**WHAT TO PRODUCE:** Output only the lines from the start of the entries through the line holding "Vallauris Culinary Pottery Poster-photo-3". Each line must match the original exactly.

*** Opening of DATA TO PROCESS ***

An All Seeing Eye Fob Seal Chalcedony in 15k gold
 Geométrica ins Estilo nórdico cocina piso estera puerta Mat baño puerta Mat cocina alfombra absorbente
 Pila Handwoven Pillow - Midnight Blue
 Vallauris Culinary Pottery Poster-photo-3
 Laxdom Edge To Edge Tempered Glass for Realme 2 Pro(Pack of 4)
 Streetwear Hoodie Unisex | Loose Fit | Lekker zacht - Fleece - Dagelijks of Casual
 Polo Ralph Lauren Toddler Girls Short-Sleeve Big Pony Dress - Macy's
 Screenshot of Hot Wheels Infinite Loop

*** Close of DATA TO PROCESS ***

**YOUR RESPONSE:**
An All Seeing Eye Fob Seal Chalcedony in 15k gold
 Geométrica ins Estilo nórdico cocina piso estera puerta Mat baño puerta Mat cocina alfombra absorbente
 Pila Handwoven Pillow - Midnight Blue
 Vallauris Culinary Pottery Poster-photo-3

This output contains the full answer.